#### [Action item]
Please say how many lines in the entries below hold the string "also", with no other words.

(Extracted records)
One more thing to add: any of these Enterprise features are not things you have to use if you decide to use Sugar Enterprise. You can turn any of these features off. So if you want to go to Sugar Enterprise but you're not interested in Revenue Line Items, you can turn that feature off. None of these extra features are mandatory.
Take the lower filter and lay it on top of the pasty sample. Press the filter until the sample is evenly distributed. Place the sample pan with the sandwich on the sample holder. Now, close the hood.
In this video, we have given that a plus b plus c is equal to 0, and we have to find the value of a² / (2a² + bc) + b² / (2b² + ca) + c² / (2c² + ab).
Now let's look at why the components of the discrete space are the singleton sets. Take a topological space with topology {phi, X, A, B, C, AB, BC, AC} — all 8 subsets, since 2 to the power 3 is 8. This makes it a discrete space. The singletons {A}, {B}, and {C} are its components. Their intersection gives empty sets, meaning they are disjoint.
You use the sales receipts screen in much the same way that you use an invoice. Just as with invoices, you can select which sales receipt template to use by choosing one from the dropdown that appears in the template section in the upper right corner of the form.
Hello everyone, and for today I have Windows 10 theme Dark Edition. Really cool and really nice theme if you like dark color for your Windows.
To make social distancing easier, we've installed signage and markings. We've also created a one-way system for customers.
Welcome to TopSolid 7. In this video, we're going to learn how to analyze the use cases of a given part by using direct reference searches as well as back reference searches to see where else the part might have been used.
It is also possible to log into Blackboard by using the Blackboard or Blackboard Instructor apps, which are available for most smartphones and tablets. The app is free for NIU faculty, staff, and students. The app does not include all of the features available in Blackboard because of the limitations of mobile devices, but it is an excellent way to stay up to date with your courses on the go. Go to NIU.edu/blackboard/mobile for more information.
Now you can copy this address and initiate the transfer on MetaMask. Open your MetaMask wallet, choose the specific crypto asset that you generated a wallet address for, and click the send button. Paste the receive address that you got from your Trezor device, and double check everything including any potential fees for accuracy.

#### [Your solution]
2